From: Jens Axboe <[email protected]>
To: Kanchan Joshi <[email protected]>, [email protected]
Cc: [email protected], [email protected],
[email protected], [email protected], [email protected],
[email protected], [email protected], [email protected],
[email protected]
Subject: Re: [PATCH v4 1/5] fs,io_uring: add infrastructure for uring-cmd
Date: Thu, 5 May 2022 11:04:41 -0600 [thread overview]
Message-ID: <[email protected]> (raw)
In-Reply-To: <[email protected]>
On 5/5/22 10:17 AM, Jens Axboe wrote:
> On 5/5/22 12:06 AM, Kanchan Joshi wrote:
>> +static int io_uring_cmd_prep(struct io_kiocb *req,
>> + const struct io_uring_sqe *sqe)
>> +{
>> + struct io_uring_cmd *ioucmd = &req->uring_cmd;
>> + struct io_ring_ctx *ctx = req->ctx;
>> +
>> + if (ctx->flags & IORING_SETUP_IOPOLL)
>> + return -EOPNOTSUPP;
>> + /* do not support uring-cmd without big SQE/CQE */
>> + if (!(ctx->flags & IORING_SETUP_SQE128))
>> + return -EOPNOTSUPP;
>> + if (!(ctx->flags & IORING_SETUP_CQE32))
>> + return -EOPNOTSUPP;
>> + if (sqe->ioprio || sqe->rw_flags)
>> + return -EINVAL;
>> + ioucmd->cmd = sqe->cmd;
>> + ioucmd->cmd_op = READ_ONCE(sqe->cmd_op);
>> + return 0;
>> +}
>
> While looking at the other suggested changes, I noticed a more
> fundamental issue with the passthrough support. For any other command,
> SQE contents are stable once prep has been done. The above does do that
> for the basic items, but this case is special as the lower level command
> itself resides in the SQE.
>
> For cases where the command needs deferral, it's problematic. There are
> two main cases where this can happen:
>
> - The issue attempt yields -EAGAIN (we ran out of requests, etc). If you
> look at other commands, if they have data that doesn't fit in the
> io_kiocb itself, then they need to allocate room for that data and have
> it be persistent
>
> - Deferral is specified by the application, using eg IOSQE_IO_LINK or
> IOSQE_ASYNC.
>
> We're totally missing support for both of these cases. Consider the case
> where the ring is setup with an SQ size of 1. You prep a passthrough
> command (request A) and issue it with io_uring_submit(). Due to one of
> the two above mentioned conditions, the internal request is deferred.
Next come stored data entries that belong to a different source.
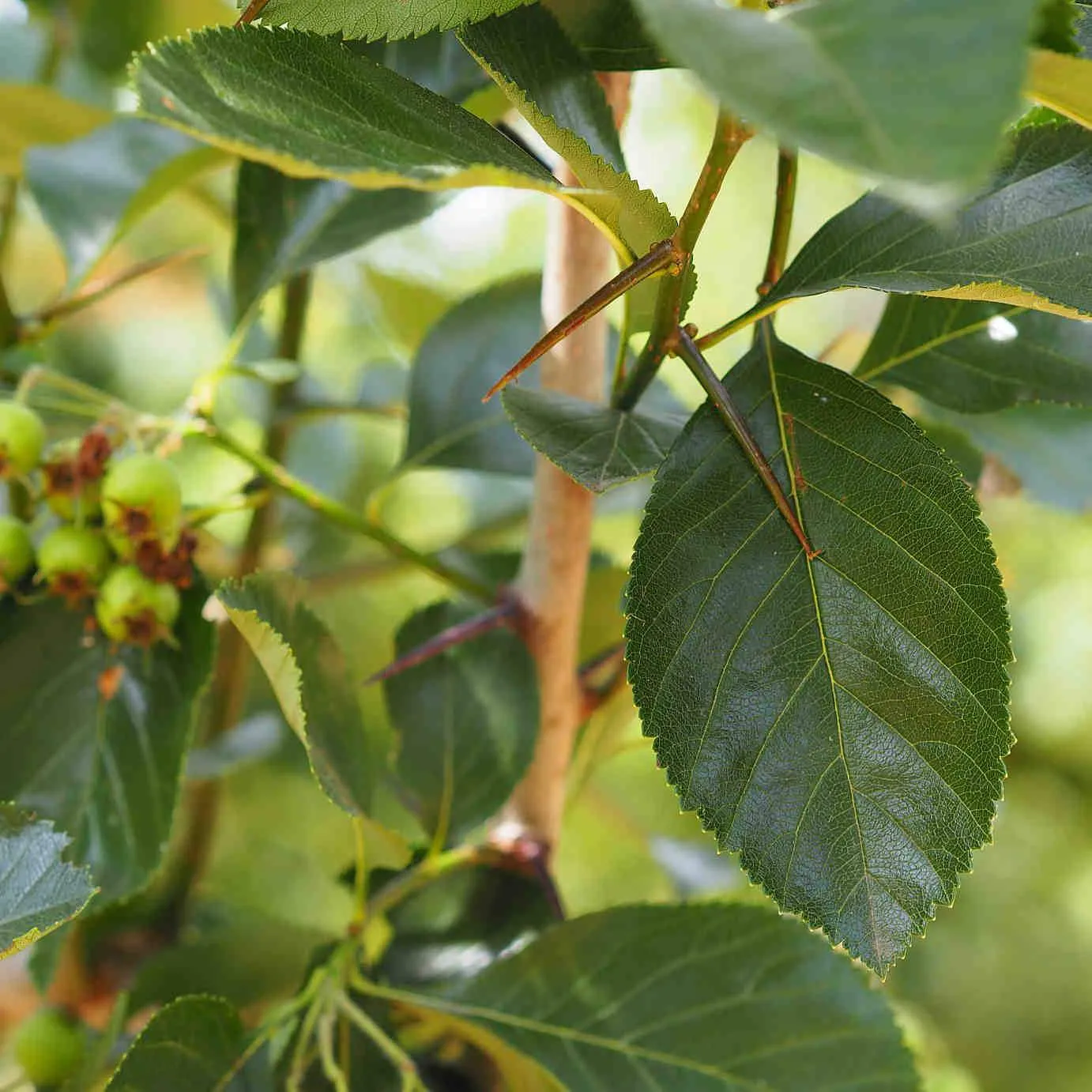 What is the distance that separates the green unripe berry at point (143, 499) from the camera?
32 centimetres

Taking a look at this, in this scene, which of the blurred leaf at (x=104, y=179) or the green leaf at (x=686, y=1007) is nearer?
the green leaf at (x=686, y=1007)

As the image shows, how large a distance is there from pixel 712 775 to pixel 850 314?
0.30m

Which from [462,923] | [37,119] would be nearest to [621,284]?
[462,923]

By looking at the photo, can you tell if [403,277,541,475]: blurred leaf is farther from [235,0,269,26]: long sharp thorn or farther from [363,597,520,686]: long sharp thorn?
[235,0,269,26]: long sharp thorn

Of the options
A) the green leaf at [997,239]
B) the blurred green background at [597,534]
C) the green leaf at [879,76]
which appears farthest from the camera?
the blurred green background at [597,534]

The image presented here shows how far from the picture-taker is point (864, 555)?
24cm

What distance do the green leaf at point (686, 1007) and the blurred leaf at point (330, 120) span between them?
0.21 m

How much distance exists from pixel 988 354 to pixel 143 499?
242 millimetres

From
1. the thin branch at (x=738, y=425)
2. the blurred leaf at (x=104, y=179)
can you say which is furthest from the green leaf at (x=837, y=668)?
the blurred leaf at (x=104, y=179)

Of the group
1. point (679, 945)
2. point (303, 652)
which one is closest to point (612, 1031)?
point (679, 945)

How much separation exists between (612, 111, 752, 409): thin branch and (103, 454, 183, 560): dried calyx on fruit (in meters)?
0.14

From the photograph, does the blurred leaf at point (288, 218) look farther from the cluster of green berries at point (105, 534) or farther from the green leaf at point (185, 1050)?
the green leaf at point (185, 1050)

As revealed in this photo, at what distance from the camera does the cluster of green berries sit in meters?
0.32

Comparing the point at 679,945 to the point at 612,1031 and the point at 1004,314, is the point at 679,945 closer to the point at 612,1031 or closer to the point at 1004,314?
the point at 612,1031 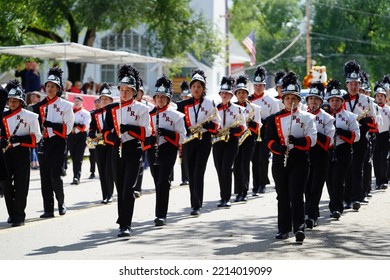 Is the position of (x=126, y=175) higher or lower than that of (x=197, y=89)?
lower

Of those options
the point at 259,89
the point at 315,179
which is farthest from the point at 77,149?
the point at 315,179

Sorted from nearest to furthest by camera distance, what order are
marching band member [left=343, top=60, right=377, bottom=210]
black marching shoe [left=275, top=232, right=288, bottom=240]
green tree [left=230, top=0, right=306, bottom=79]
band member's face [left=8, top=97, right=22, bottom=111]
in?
black marching shoe [left=275, top=232, right=288, bottom=240] < band member's face [left=8, top=97, right=22, bottom=111] < marching band member [left=343, top=60, right=377, bottom=210] < green tree [left=230, top=0, right=306, bottom=79]

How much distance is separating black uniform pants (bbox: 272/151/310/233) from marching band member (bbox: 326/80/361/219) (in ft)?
8.88

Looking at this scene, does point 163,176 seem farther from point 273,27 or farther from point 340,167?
point 273,27

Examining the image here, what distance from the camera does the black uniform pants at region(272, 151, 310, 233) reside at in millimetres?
13461

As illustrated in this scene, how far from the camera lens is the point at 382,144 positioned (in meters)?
21.6

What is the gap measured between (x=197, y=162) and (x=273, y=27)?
68.7m

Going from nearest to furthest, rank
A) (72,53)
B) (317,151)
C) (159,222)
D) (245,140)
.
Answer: (317,151) < (159,222) < (245,140) < (72,53)

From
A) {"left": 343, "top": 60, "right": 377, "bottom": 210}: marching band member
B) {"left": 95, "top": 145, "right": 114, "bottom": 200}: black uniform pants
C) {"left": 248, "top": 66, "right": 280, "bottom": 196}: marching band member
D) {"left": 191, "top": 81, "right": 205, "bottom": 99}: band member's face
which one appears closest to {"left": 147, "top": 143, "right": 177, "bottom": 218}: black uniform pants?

> Either it was sent to ->uring_cmd() but we got -EAGAIN, or it was
> deferred even before that happened. The application doesn't know this
> happened, it gets another SQE to submit a new request (request B). Fills
> it in, calls io_uring_submit(). Since we only have one SQE available in
> that ring, when request A gets re-issued, it's now happily reading SQE
> contents from command B. Oops.
>
> This is why prep handlers are the only ones that get an sqe passed to
> them. They are supposed to ensure that we no longer read from the SQE
> past that. Applications can always rely on that fact that once
> io_uring_submit() has been done, which consumes the SQE in the SQ ring,
> that no further reads are done from that SQE.
>
> IOW, we need io_req_prep_async() handling for URING_CMD, which needs to
> allocate the full 80 bytes and copy them over. Subsequent issue attempts
> will then use that memory rather than the SQE parts. Just need to find a
> sane way to do that so we don't need to make the usual prep + direct
> issue path any slower.
This one should take care of that. Some parts should be folded into
patch 1, other bits into the nvme adoption.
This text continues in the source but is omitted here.